VAT recovery – incomplete purchase invoices

Two ECJ judgements have highlighted the importance of suppliers drafting invoices so as to meet requirements, thereby allowing customers to recover the VAT paid.

In Senatex, the Court confirmed that the VAT authorities were correct to disallow VAT recovery where supplier invoices were incomplete; in this case missing VAT numbers.  However, it also ruled that where the customer was able to obtain the missing information, the original VAT claim should be allowed.

In Barlis, the description of legal services provided was insufficient.  Simply stating ‘legal services’ and not including a start date gave the authorities grounds to reject the associated VAT claim.  However, where the authorities have access to additional information to confirm the missing details, VAT recovery should be allowed.

Conclusion: Customers should seek fully compliant VAT invoices from suppliers to avoid rejection of input tax claims.  However, where invoices are rejected, HMRC should accept additional evidence provided.

Recovery of VAT on company cars

The First Tier Tribunal has ruled in the case Zone Contractors Ltd (TC05330) that VAT on the purchase price of cars may be recovered by a business, where the employees’ employment contract specifies that no private use of company vehicles is allowed.

This contrasts HMRC’s and previous tribunal’s stance that if the employee’s motor insurance allows for private use of company vehicles, then VAT recovery was not allowed.

It may be worth looking at this both retrospectively and prospectively.

VAT: Court of Appeal rules charitable activities are business activities

In the Court of Appeal case, Longridge on the Thames, a charity had claimed that the activities undertaken in a new building were non-business (relevant charitable) activities as the payments made by the participants were adjusted on the basis of ability to pay, and supplemented by charitable donation or income generated by other activities of the charity.

The Court ruled that, following recent guidance from the ECJ, if there was a direct link between the services provided and payment made – which it said there was in this case – the activity was a business activity even where the payment by the participant did not necessarily cover costs incurred.

The direct result of the Appeal was that zero-rating relief from VAT for the construction of charitable purpose buildings was not allowed.

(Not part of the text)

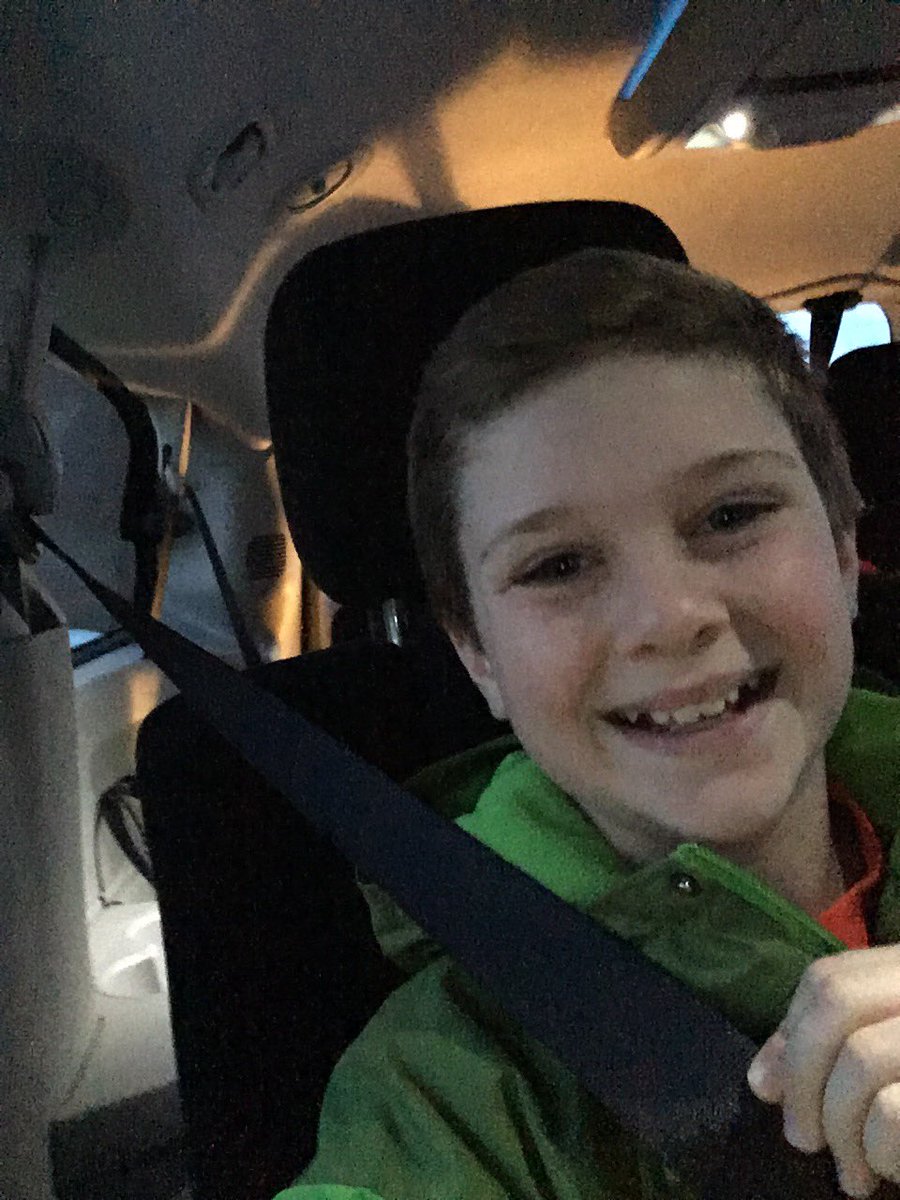 TammySterken's tweet photo. Buckle up for safety buckle up!  My family does! #eahsgo  #operationclick https://t.co/vUl9e7qEA9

This ruling is important for charities who are seeking to rely on their activities being charitable for the purposes of VAT reliefs, as new ECJ guidance appears to have narrowed the criteria.

Tribunal provides clarification on VAT treatment of construction of dwellings

In a judgement on the specific issue argued in the First Tier Tribunal (FTT) case of St George’s Augustinian Care, the FTT gave some further guidance on cases where zero-rating can apply to the construction of dwellings.

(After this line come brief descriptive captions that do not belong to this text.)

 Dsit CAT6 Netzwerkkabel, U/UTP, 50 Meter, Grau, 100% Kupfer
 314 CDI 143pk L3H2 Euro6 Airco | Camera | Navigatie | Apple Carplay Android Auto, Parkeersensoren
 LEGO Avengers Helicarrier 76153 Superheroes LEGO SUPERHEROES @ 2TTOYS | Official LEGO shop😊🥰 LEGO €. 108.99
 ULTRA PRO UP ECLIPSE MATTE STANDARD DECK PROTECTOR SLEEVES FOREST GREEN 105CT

In this case, a separate building was constructed to provide communal leisure facilities for residents of a retirement village.

The FTT ruled that the construction of this building did not qualify for zero-rating as part of a dwelling, on the basis that just because a resident had the right to use these facilities; this did not mean that they formed part of a dwelling(s).

This decision contrasts the position where a gym is incorporated into a block of apartments for use by residents; which would qualify for zero-rating.  It also clarifies the position as published recently by HMRC in Brief 13/16 which confirmed that in certain circumstances a single dwelling may consist of more than one building.

Tribunal rules on VAT treatment of ‘fractional interest’ in residential property

In the First Tier Tribunal (FTT) case of Fortyseven Park Street Limited, the appellant owned a leasehold interest in a property divided into 49 residences.

It sold ‘fractional interests’ to individuals that entitled them to stay in the residences for up to 21 nights per annum; documented by a ‘membership agreement’.

The FTT ruled that the supply was not that of a membership, nor a right over land that would qualify for exemption from VAT.

Instead, it ruled that the supplies were taxable supplies of an establishment similar to a hotel, as there were ancillary services supplied akin to those provided by a hotel.  In distinguishing other similar case, the FTT stated that a determinative factor in this case was that the customer knew precisely what it was purchasing at the time of payment.